A little sunshine…

One of my regular students is severely disabled, and has great difficulty doing anything at the lathe for any length of time. This, obviously, makes life difficult for him, and sometimes his frustrations are palpable.

Today he arrived in a gloomy mood, convinced he was never going to progress. “I’ll make a mess of this next part,” he insisted. I urged him on, and he began to cut the wood.

Three cuts in and I was convinced he’d been playing me, and had been practicing the cuts. He assured me he hadn’t, and when I asked him to compare the fresh cuts to some previously made cuts his smile brought a little sunshine to a dull and overcast day.

Even minuscule steps can seem huge in the correct context.

Post drought…

The apparent post drought is due to a number of things…

Firstly, it is more than galling to have what you write misrepresented, quoted out of context, and with a clear lack of comprehension of what was actually written. It does make you wonder why you bother at all.

Secondly, there are a number of things I would normally have commented on, but concern about some, if not all, of the above force me to leave well alone.

Thirdly, it’s been a very dull week or so.

In fact the only highlight was a demonstration at the weekend. A long-time anti wood colourist said he was converted and would “give it a go”. This may sound insignificant, but isn’t. Once people begin to experiment and play with colour and texture, the doors can open to other things, and suddenly you have the world to play with.

And a note for those who were at the demonstration…the problem was the marine ply. It is effectively “sealed”, and requires heavy abrading prior to marking out the backboard. This provides for the glue to seep into the marine ply and form an effective bond. My error. And my apologies.

Off cuts…what do you do with them?

There are those who feel (strongly) that offcuts, especially those with faults, have no place on the lathe. I do understand the opinion, and to some extent have sympathy with it, but cannot bring myself to throw every off-cut out.
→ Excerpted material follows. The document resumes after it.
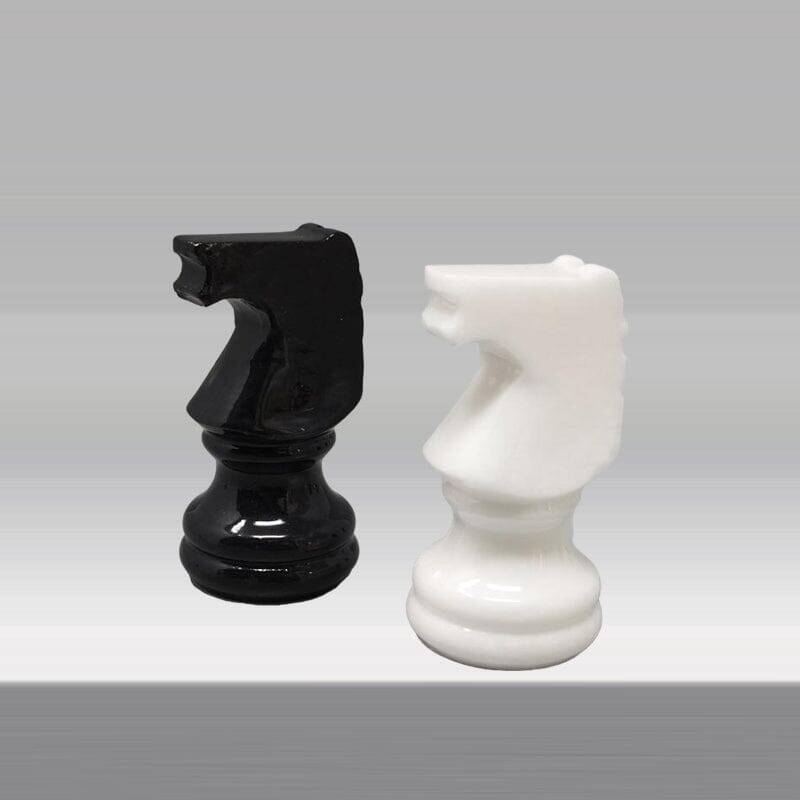 Vintage 1970s Italian Volterra Alabaster Chess Set – Handmade, Excellent Co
Some are simply too pretty, too interesting, or an off-cut from an expensive plank, and therefore seem to have value, if only in monetary terms.

But that do you you do with them besides cut pen blanks, wine bottle stopper blanks Etc.?

I tend to put them on one side until I need some play time, and then they can at least serve as a diversion even if nothing comes of them. If something does, then all the better; you’ve saved a nice piece of wood from the ignominy of the wood burner.

Here are couple of such turning from the weekend…

maple off-cut...18" by 9"

 

Black Walnut off-cut...19" by 15"

Black Walnut off-cut...19" by 15"

What the…

Unusually, this evening, I started, and finished, and very nice bottle of wine. You have no idea how tempted I was to post an uncensored piece!

Constantly weighing the pros and cons comes very unnaturally to me, but certain things force such an approach.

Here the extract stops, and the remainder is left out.